If the culture triples every 5 hours, what should $B(5)$ be in terms of the starting amount? How does that relate to the exponent in an exponential function?

In an exponential model, the base (here related to 3) tells you the growth factor, and the exponent controls how fast it’s applied. Which exponent expression in t makes the population multiply by 3 exactly when t increases by 5?

Try plugging t = 5 into each choice. Which one gives a value exactly three times larger than the value at t = 0?

Type each option into Desmos as a separate function, for example:

• B1(t) = 500*(3*t)^5
• B2(t) = 500*3^(t/5)
• B3(t) = 500*3^(5*t)
• B4(t) = 500*5^(3*t) Make sure you use parentheses so the exponents and products are interpreted correctly.

For each function, either tap on the graph at t = 0 or use a table (tap the gear icon and select "Convert to table").
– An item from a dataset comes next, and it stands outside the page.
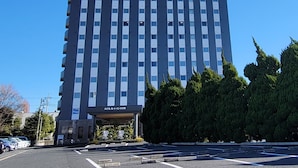 Un bâtiment d’hôtel au design moderne, avec une grande enseigne sur le toit et un parking à l’avant.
Look at the y-value when t = 0. Only the function whose y-value is 500 at t = 0 can model the situation correctly.

Still using the graphs or tables, look at the y-value when t = 5 for the functions that had 500 at t = 0. The correct model will give a value exactly three times larger than 500 at t = 5 (because the culture triples every 5 hours).

Optionally, check t = 10 and t = 15 for that same function. You should see the value triple each time t increases by 5 hours, confirming it matches the described growth pattern.

The bacteria population triples in equal time intervals (every 5 hours), which is a constant multiplicative change. That means this is an exponential growth situation, not linear or polynomial growth. So the model should look like an initial amount times a base raised to a power involving t.

At time t = 0, the culture starts with 500 cells. Any correct model must satisfy $B(0) = 500$.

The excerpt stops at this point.